Liverpool 2, Burnley 0: Chris Boden’s thoughts on the defeat at Anfield
Former man in the middle, and now senior referees' coach for the Professional Game Match Officials Board, Chris Foy said last week after the first round of fixtures: “In March, clubs were surveyed for their views on refereeing and they fed back their thoughts.
“Then we had the Euros which which were a success in the way matches were officiated.
“The result we want is players going out to express themselves, and on the evidence of the games I saw, which were really competitive, it’s encouraging.”
However, Liverpool boss Jurgen Klopp appears to be the sole voice of dissent.
Despite a game where there were no controversial incidents, no obvious injuries sustained, and not a yellow card brandished, the German saw fit to bizarrely point the finger at Burnley strikers Chris Wood and Ashley Barnes for “dangerous” play.
Klopp said: “We always had to be ready for a proper fight. We were today in a really difficult game, because you saw these challenges with (Ashley) Barnes and (Chris) Wood and Virgil (Van Dijk) and Joel (Matip).
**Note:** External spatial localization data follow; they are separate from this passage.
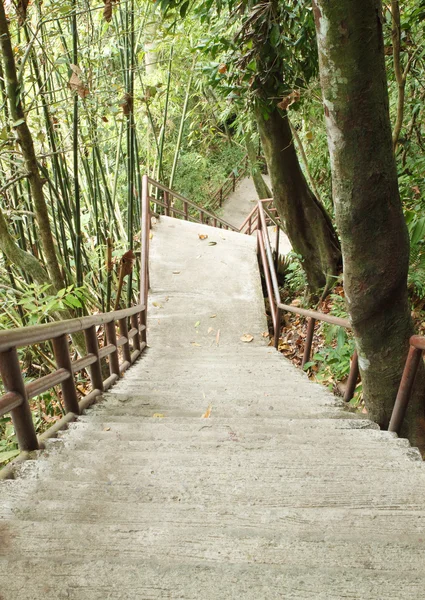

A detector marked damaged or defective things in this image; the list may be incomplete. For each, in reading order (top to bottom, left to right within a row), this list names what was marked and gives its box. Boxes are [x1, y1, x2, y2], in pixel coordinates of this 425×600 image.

rusty metal railing [255, 199, 358, 400]
brown rusted metal [0, 346, 38, 450]
brown rusted metal [52, 336, 80, 414]
brown rusted metal [84, 326, 104, 392]
brown rusted metal [342, 352, 358, 404]
brown rusted metal [388, 344, 420, 434]
rusty metal railing [388, 336, 424, 434] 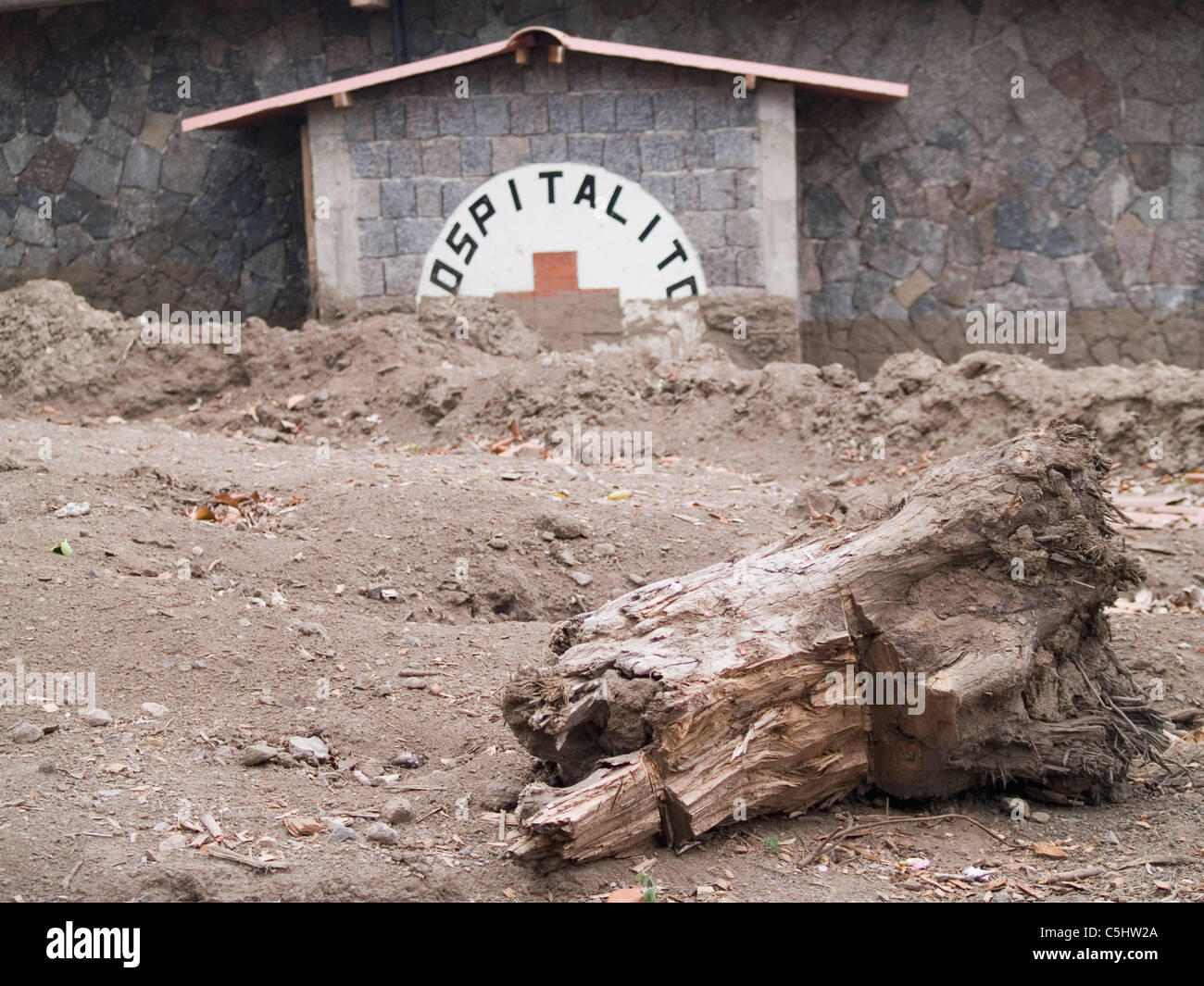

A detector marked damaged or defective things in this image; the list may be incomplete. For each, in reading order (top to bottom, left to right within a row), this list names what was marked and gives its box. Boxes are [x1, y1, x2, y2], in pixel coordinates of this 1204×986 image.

“I’m not 100 per cent sure if we are really going in the right direction with these kind of decisions. It feels like we go back 10, 15 years back to when we said ‘oh, that was the football we wanted to see’. It’s just too dangerous.
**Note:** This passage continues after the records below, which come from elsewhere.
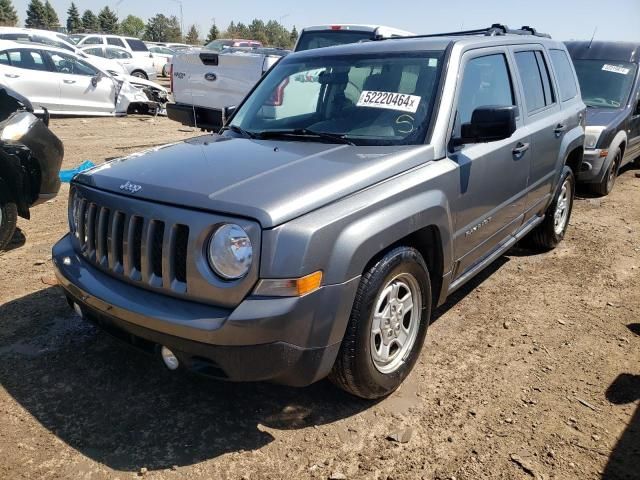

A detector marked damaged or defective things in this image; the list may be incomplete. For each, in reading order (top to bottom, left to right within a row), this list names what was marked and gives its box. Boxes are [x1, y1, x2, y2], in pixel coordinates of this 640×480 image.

damaged vehicle [0, 40, 168, 116]
damaged vehicle [0, 87, 63, 249] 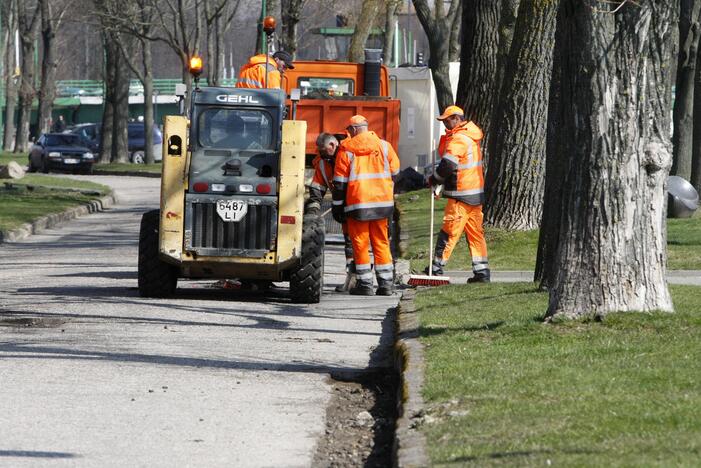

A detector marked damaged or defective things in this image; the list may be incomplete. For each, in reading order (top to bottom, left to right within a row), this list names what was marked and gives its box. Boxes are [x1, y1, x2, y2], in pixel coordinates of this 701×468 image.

road pothole [314, 370, 396, 468] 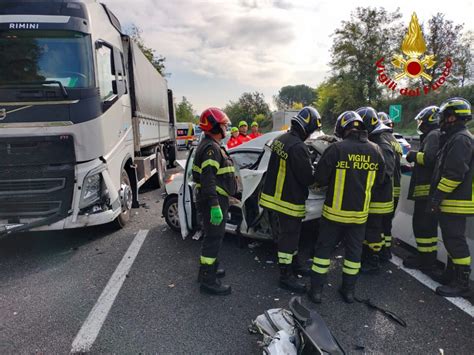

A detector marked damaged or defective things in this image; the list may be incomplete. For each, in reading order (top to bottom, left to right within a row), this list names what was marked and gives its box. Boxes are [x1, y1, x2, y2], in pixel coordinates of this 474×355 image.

wrecked white car [161, 131, 328, 242] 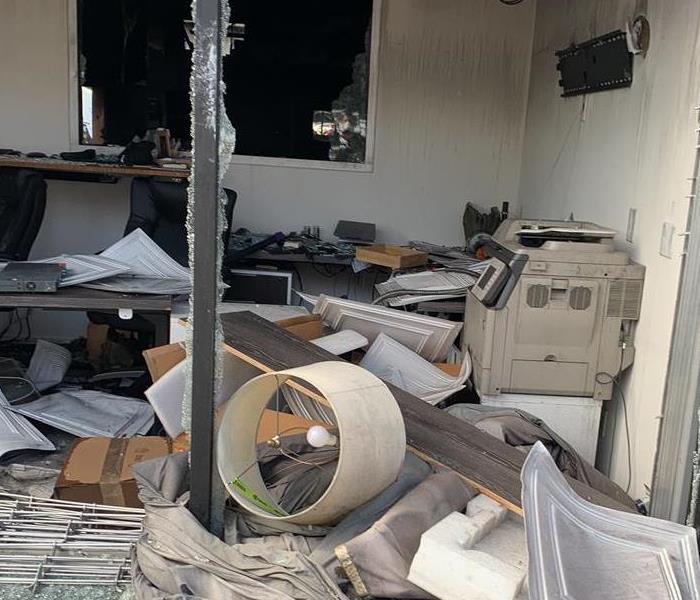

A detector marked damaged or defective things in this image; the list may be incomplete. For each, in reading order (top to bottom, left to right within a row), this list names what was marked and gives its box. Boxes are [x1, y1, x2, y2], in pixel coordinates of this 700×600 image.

broken window [75, 0, 378, 164] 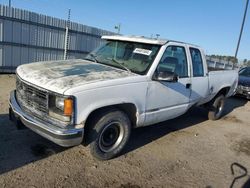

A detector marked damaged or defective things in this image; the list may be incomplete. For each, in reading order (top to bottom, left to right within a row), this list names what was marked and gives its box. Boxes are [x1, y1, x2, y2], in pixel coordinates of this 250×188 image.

damaged hood [16, 59, 134, 93] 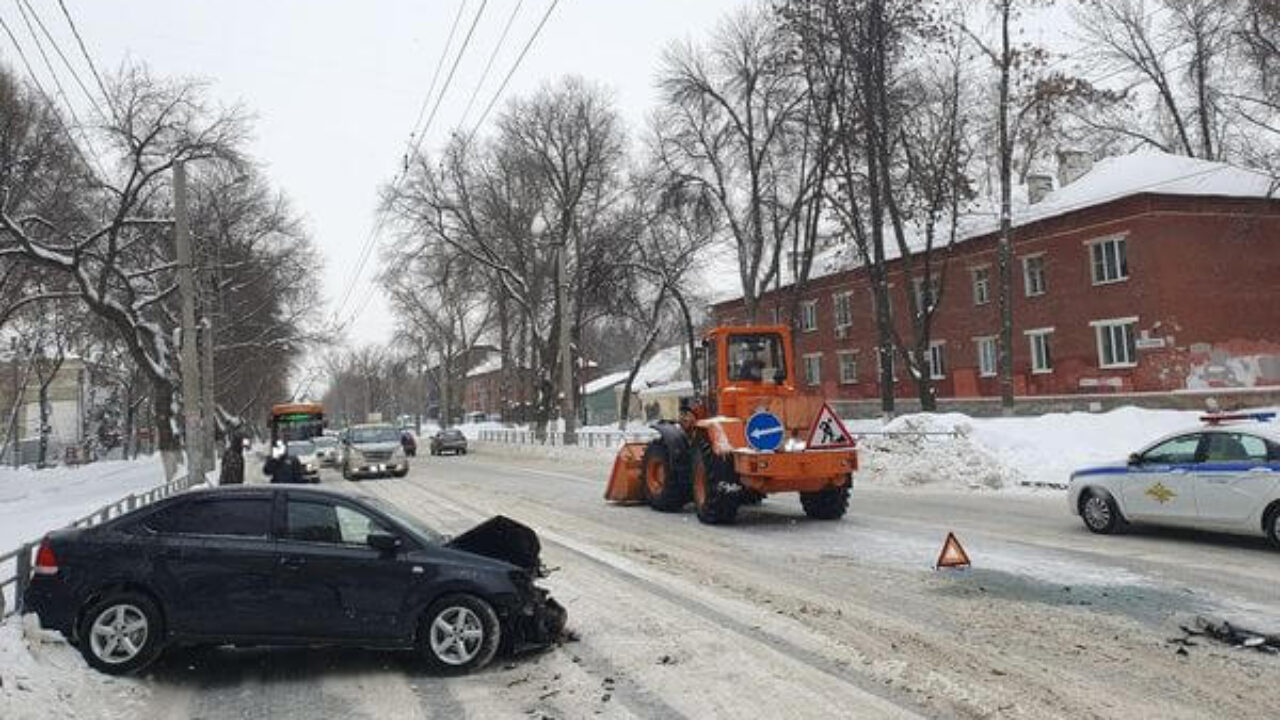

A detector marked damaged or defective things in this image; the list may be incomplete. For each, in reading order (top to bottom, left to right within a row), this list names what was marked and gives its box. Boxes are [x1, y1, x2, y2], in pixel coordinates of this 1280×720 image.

damaged black car [20, 484, 564, 676]
crumpled hood [444, 516, 540, 572] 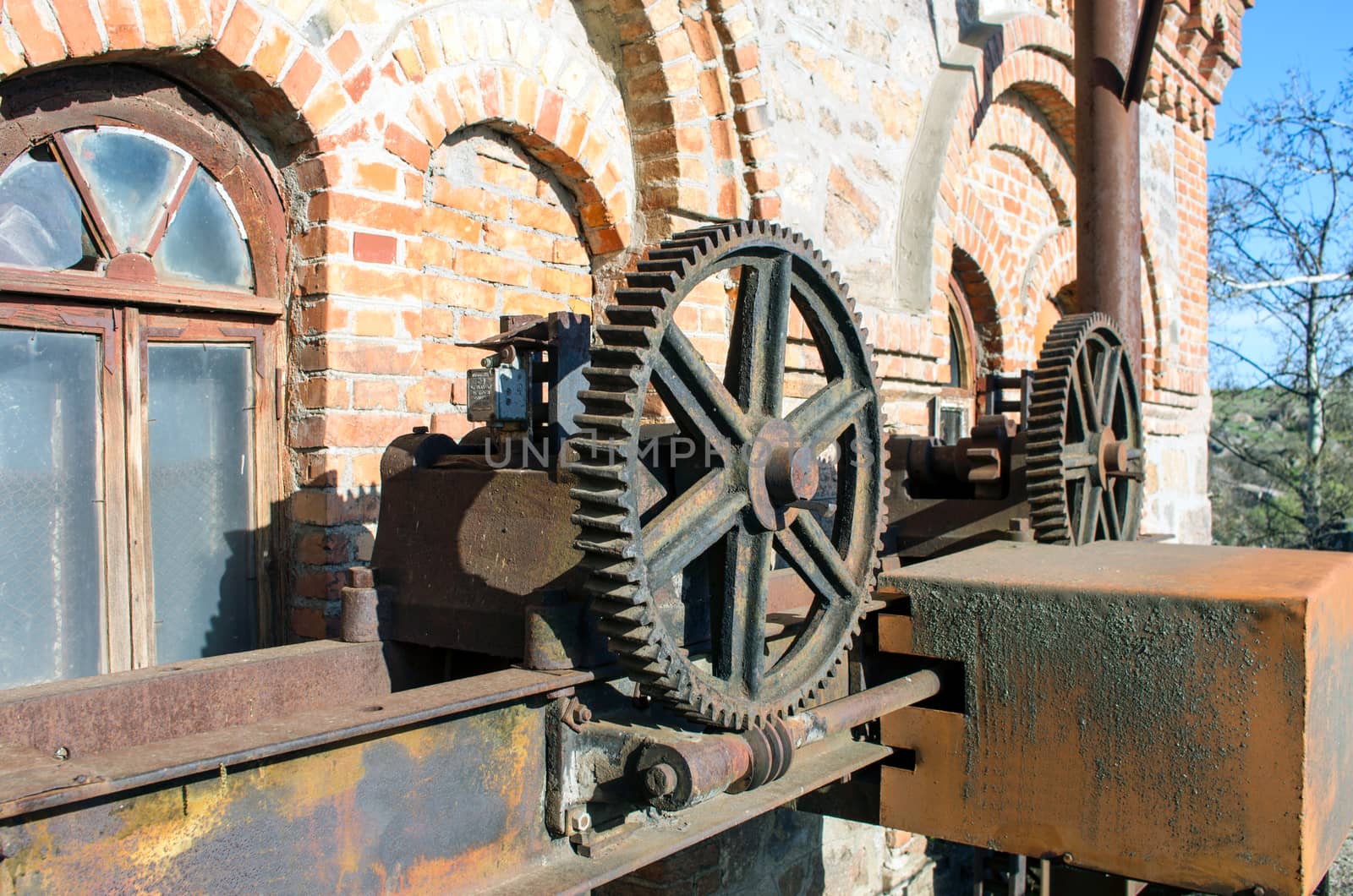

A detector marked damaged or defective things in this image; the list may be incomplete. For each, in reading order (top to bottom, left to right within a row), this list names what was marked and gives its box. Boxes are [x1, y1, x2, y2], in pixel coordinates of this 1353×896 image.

rusty metal beam [1071, 0, 1147, 381]
rusted steel plate [1, 652, 592, 822]
rusty bolt [644, 763, 682, 800]
rusty pipe [636, 674, 941, 811]
rusted steel plate [876, 541, 1353, 896]
rusty metal housing block [876, 541, 1353, 896]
“The message now is let the game flow, but nobody exactly knows what that means. I like decisions that favour the offensive team, that’s fine. But we have to stick to protecting the players. We cannot deny that. If you like that sort of thing, watch wrestling.”
It was an odd thing to say, particularly after what ended as a comfortable victory for the Reds, after a first half in which Burnley had given as good as they got.
But it was even odder given it was the day the Clarets broke a 27-year-old Premier League record held by Ipswich Town for the most consecutive Premier League games without a red card - which now stands at 95.
Burnley had been described before the game by Klopp as “annoying”, which was a backhanded compliment.
As Sean Dyche has often said, they play hard, but fair, within the rules.
So why the continued criticism? The ridiculous comparisons from sections of social media to a rugby team, or the Wimbledon side of the 1980s?
Burnley’s discipline is second to none - note the calm, composed way captain Ben Mee approached referee Mike Dean as Mohamed Salah appeared to make it 2-0 in the first half, which was disallowed for off-side.
There is no ranting and raving, surrounding officials, screaming in their faces.
I don’t see any malice, or overly-aggressive challenges, just an old-fashioned refusal to roll over.
Yes, there is a streetwise nature at times, but Burnley have to find a way to win against these lavishly-assembled squads, who have single players worth more than the Clarets’ entire team.
And they have found a way to win enough games to ensure top-flight football for a sixth-successive season.
Despite defeats in the opening two games, and the continued struggles in the transfer market, Dyche’s side have shown enough in those games to suggest they will again pick up points.
As Dyche said: “There has to be life in your performance and I think there was at Brighton and there was today.”
But as he added: “There is certainly the right energy and feel about the group at the minute, although we are limited in numbers again.”
Both games have shown up the lack of options at Dyche’s disposal.
Brighton made changes tactically and in terms of personnel which altered the course of the opening game, while, with Burnley well in the game after the hour at Anfield, Dyche had one senior striker and no midfielders to turn to.
He and his players need help, in terms of that freshness a new face or two brings, and added quality to make life a little easier.
As it stands, Burnley are so dependent on Dwight McNeil for their attacking threat.
McNeil won his one on one duels with Trent Alexander-Arnold again and again, in a battle he has enjoyed on every visit to Anfield.
After the game, however, all the rave reviews were for the England right back, for his outstanding ability going forward - despite McNeil constantly getting the wrong side of him - and the hugely talented Harvey Elliott.
McNeil would also look a world-beater in a side with so many attacking threats, who don’t always have to do the work against the ball he has to.
He looks so at home on stages like this, although he needs someone else to dovetail with, to share the responsibility.
Burnley need bodies, but they also need more quality, and the next few days or so could be the most important of the season.
When you look back, since the arrival of Wood in August 2017, who has been signed and strengthened the first team?
That wait needs to end before the start of September.